• Task item:
Below are records; the lines starting at the one with "Darriana Armoire" and ending at the one with "Casa · 420m²" must be reproduced exactly, both included. Pictures must not appear.

• Available data:

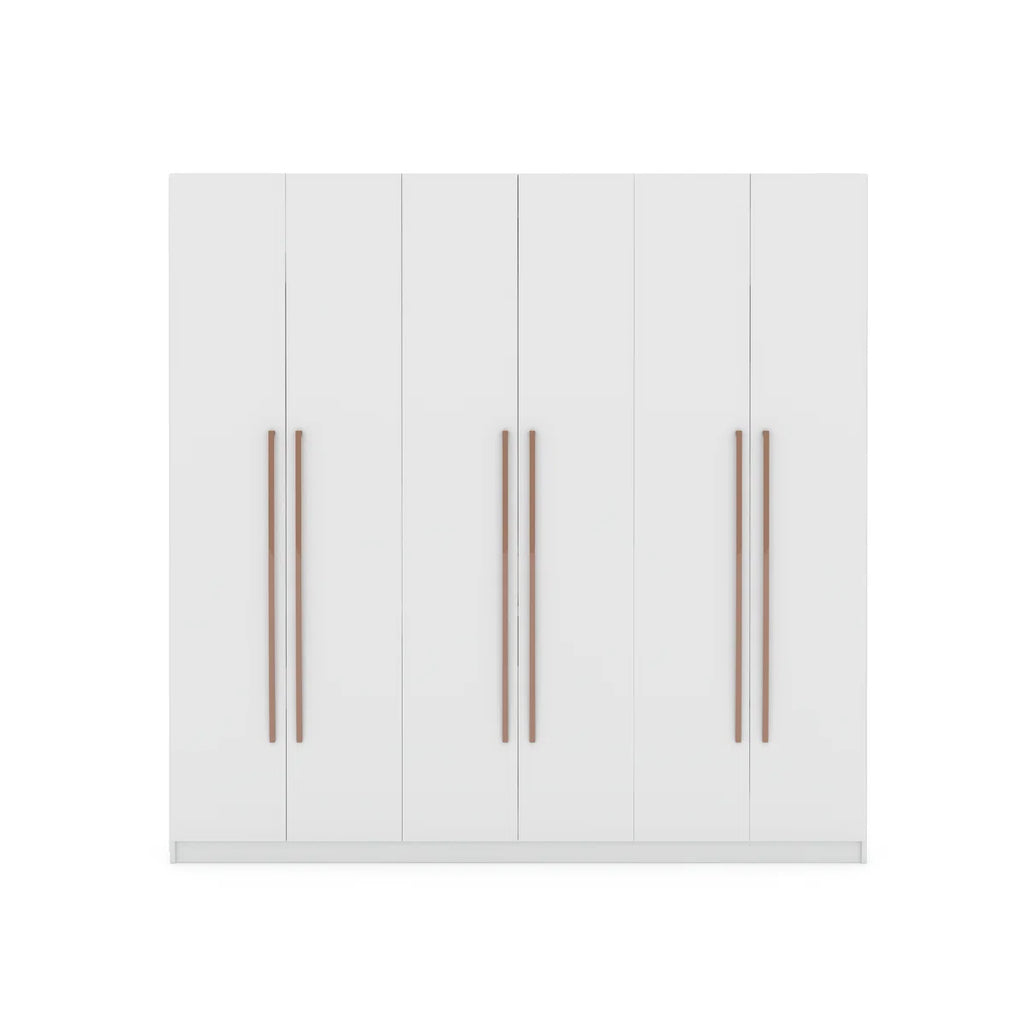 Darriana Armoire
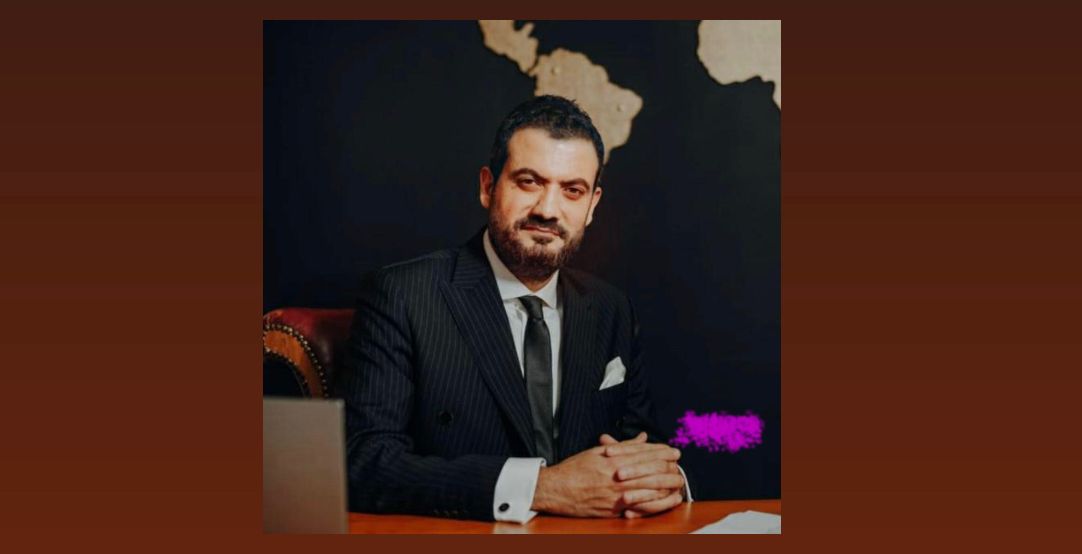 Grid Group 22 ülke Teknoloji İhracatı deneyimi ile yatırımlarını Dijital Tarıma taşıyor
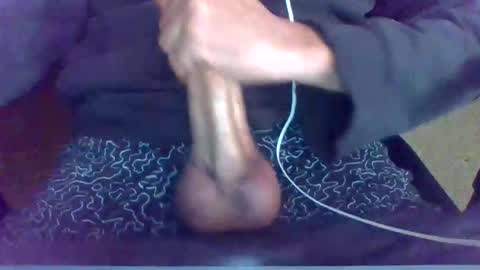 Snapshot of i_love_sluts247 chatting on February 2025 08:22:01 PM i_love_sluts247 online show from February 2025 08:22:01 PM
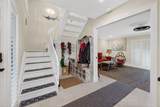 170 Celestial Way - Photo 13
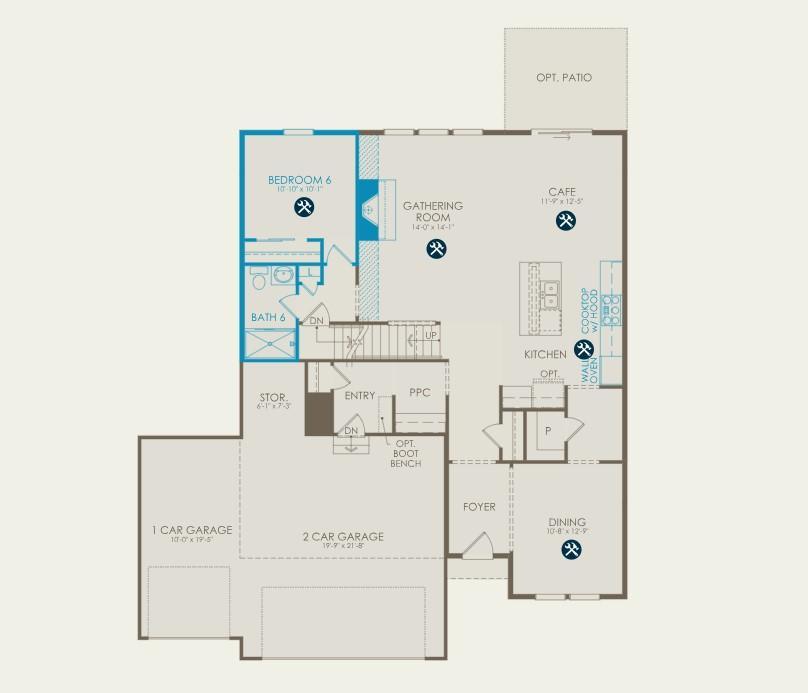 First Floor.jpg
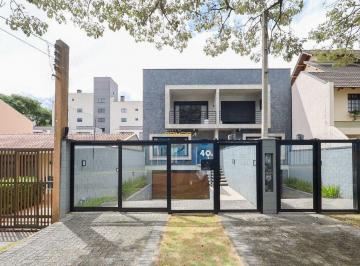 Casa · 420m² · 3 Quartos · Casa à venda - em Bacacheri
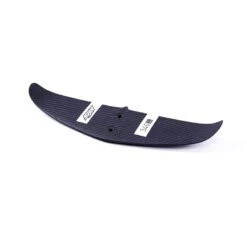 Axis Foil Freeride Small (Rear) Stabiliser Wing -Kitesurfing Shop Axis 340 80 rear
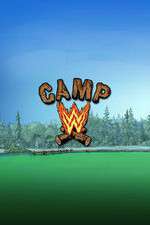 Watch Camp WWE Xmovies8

---

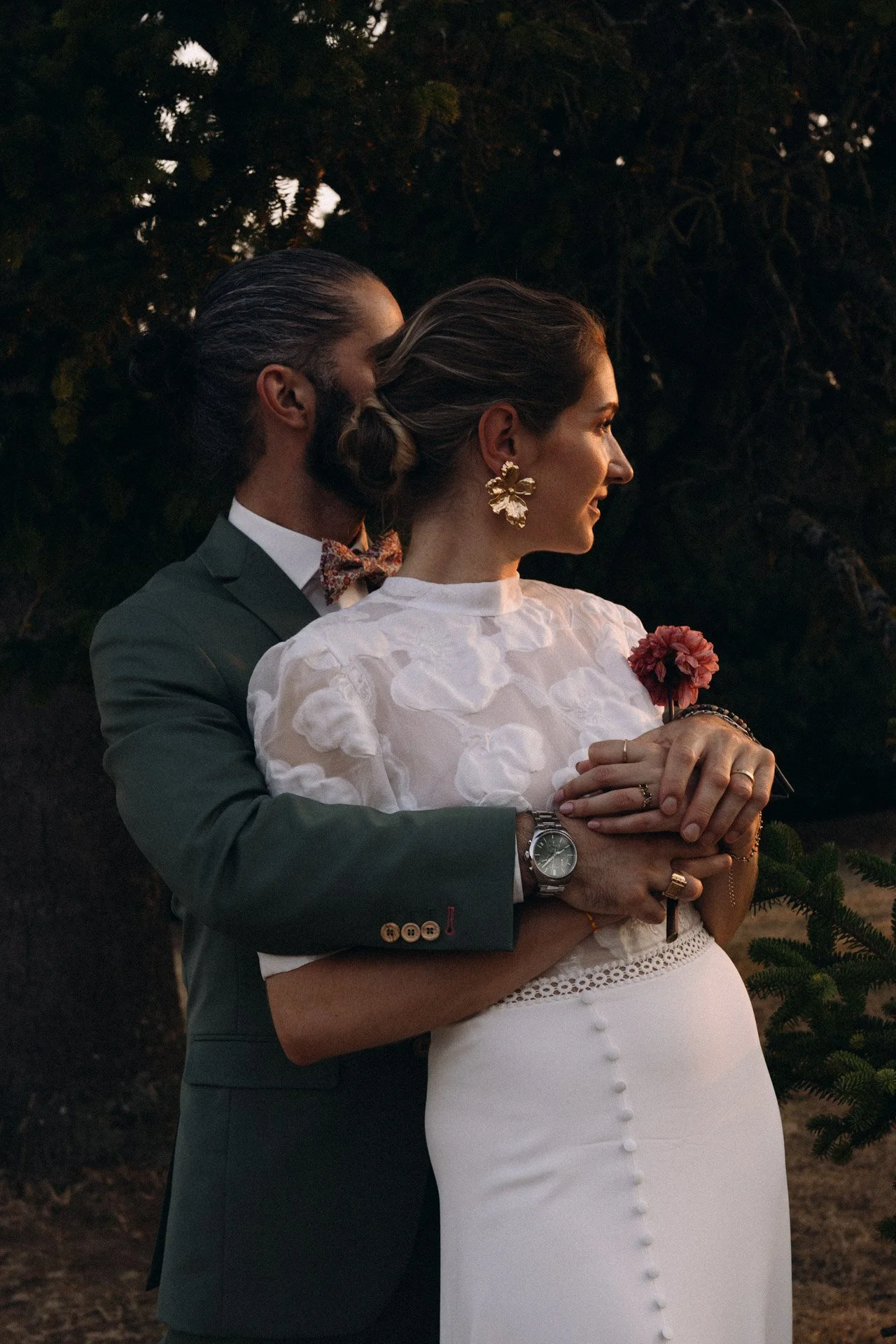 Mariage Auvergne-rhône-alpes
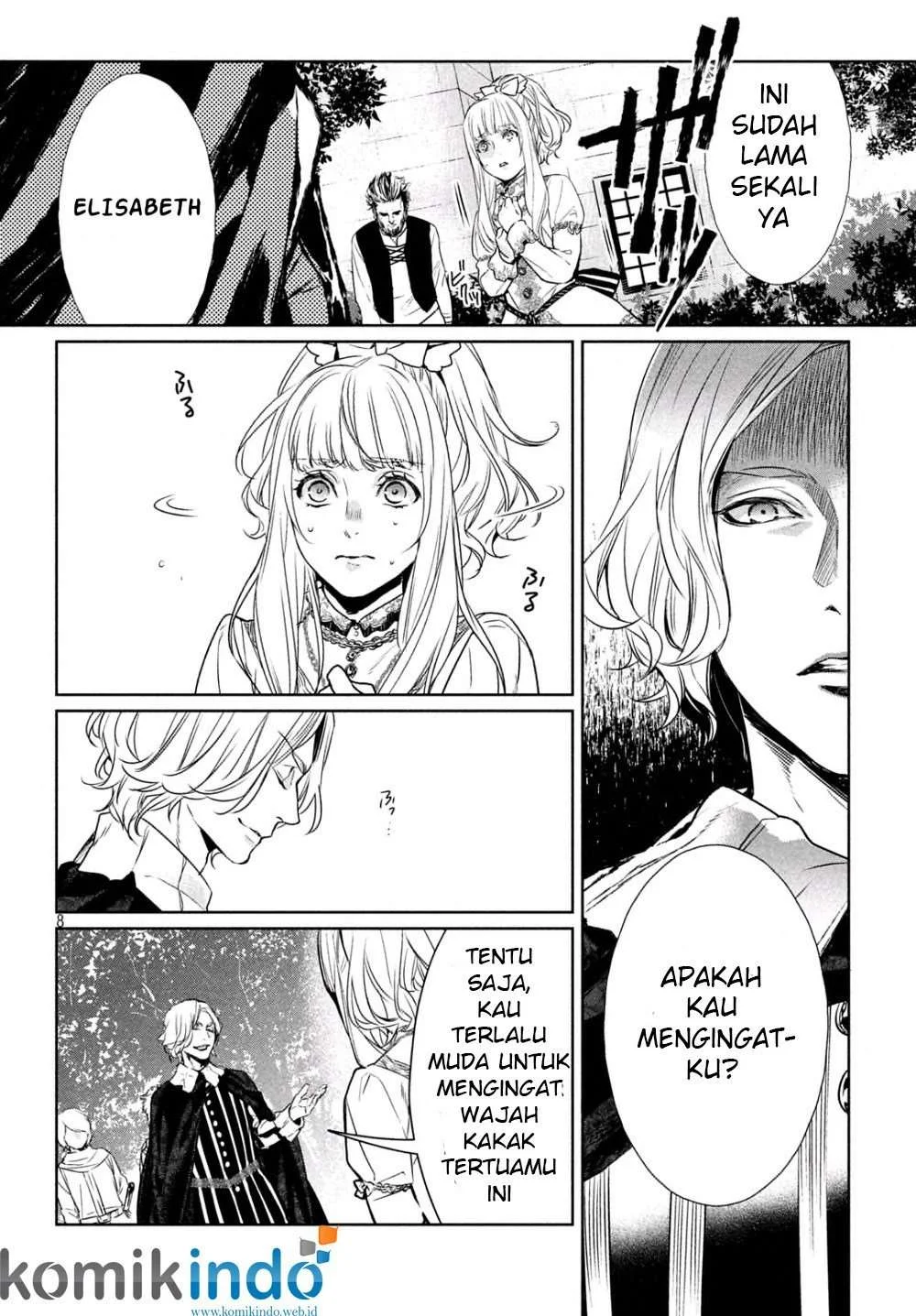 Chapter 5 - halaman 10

...

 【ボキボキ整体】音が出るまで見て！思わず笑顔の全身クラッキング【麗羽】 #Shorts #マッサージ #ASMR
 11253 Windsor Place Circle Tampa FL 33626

• Exercise result:
 Darriana Armoire
 Grid Group 22 ülke Teknoloji İhracatı deneyimi ile yatırımlarını Dijital Tarıma taşıyor
 Snapshot of i_love_sluts247 chatting on February 2025 08:22:01 PM i_love_sluts247 online show from February 2025 08:22:01 PM
 170 Celestial Way - Photo 13
 First Floor.jpg
 Casa · 420m² · 3 Quartos · Casa à venda - em Bacacheri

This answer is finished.